WORK REQUEST
What is needed is an exact copy of the lines from the line holding "I wish to share" through the end of the material, with no other lines and no pictures.

SOURCE DATA
==============================
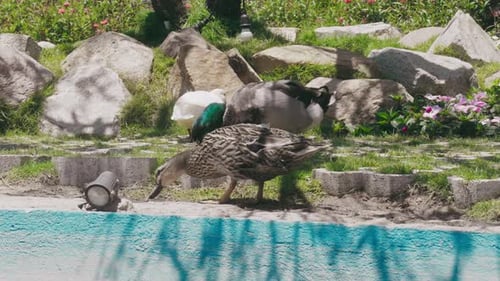 Zwei Enten suchen im Garten nach Nahrung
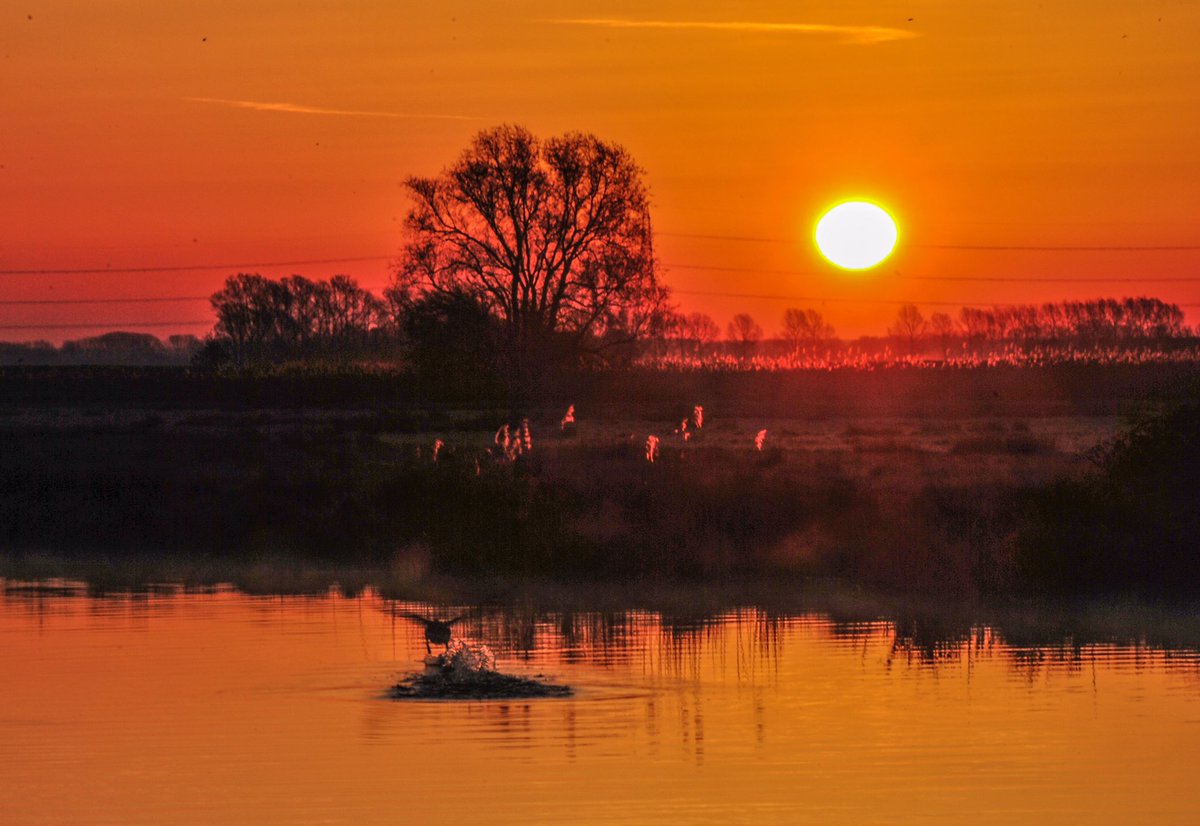 I wish to share to keep the calmness and warmth in our hearts ♥️ This morning in Ely.
Sunrises & Sunsets are my favourites 🥰
#My1outing #sharingwithyou #nature #sunrise #theFens #PhysicalDistancing #naturemeditation @StormHour @metoffice @itvanglia @SpottedInEly #loveUKweather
==============================
ANSWER FOR THE TASK
 I wish to share to keep the calmness and warmth in our hearts ♥️ This morning in Ely.
Sunrises & Sunsets are my favourites 🥰
#My1outing #sharingwithyou #nature #sunrise #theFens #PhysicalDistancing #naturemeditation @StormHour @metoffice @itvanglia @SpottedInEly #loveUKweather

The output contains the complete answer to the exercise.